The Huffpost Good News shared a heartwarming story about a young library book reader, Jackson, who returned a book guiltily after tearing a page accidentally. Accompanying the book was a handwritten note offering a simple, but penitent apology.
The incident touched librarians, who often receive books with torn pages. This was the first one that came with a sincere apology. We seldom apologize, wanting to save our pride and self-esteem. That pride sabotages meaningful relationships that you can otherwise build with sincerity.
For a start, apologies reestablish trust. Apologizing when you have broken a rule of conduct tells the offended party that you know what rules are. You have more chance of making a person feel more assured if you agree that your behavior was out of line.
It also returns dignity to those you have hurt. Acknowledging that it was your fault helps an injured party to save his pride. It repairs relationships, and helps the injured party to refocus on your virtues.

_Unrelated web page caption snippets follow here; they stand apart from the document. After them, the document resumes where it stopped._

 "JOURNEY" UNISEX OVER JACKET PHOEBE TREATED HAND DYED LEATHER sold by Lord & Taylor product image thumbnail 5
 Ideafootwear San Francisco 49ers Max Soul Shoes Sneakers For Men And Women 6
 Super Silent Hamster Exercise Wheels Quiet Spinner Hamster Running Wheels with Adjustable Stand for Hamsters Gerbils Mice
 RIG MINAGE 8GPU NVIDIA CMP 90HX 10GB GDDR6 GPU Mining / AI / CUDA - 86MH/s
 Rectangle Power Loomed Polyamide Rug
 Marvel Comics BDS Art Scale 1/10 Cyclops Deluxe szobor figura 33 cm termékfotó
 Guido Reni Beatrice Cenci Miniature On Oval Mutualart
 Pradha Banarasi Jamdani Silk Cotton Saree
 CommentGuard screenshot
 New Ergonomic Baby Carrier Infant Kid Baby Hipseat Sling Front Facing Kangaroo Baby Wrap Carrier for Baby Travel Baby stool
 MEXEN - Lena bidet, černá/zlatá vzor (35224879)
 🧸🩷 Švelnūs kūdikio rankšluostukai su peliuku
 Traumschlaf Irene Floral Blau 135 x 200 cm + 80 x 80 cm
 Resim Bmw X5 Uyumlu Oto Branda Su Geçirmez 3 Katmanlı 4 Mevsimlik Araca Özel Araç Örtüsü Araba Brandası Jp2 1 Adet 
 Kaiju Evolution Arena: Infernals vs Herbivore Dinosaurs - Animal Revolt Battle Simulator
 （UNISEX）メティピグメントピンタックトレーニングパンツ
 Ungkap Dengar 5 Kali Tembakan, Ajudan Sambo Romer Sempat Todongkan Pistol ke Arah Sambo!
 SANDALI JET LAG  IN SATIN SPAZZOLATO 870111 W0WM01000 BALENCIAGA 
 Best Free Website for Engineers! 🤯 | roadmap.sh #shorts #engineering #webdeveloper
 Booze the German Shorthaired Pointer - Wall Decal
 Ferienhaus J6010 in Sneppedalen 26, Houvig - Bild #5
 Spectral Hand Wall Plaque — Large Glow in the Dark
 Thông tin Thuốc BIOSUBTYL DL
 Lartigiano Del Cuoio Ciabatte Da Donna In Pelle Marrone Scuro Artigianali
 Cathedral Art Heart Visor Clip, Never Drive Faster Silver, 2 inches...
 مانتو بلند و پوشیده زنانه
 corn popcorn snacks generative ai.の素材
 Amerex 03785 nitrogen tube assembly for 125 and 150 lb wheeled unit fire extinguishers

Apologizing to someone sincerely reduces pain and stress considerably. It restores relationships.
Knowing when, where and how to apologize is the key to doing it sincerely. In general, if you can sense that something you did, deliberately or otherwise, has caused discomfort, it is good to apologize and clear the air. If you believe that the hurt party is simply being unreasonable, you may have to have a heart-to-heart talk with him. Own up to your faults, but remember that there is no need to take responsibility for something that is not your fault.
Express sincere regret for causing him hurt. He needs to know that you feel awful for putting him in a difficult position. It makes your apology sincere, and shows that you care. Do what you can to make amends, and reaffirm boundaries. This will help both parties to decide on preferred behavior.
Let go of results. Not all apologies will end in reconciliation. Often, a person will forgive you, but stay guarded. If you have done what you can, let this go and let time heal wounds.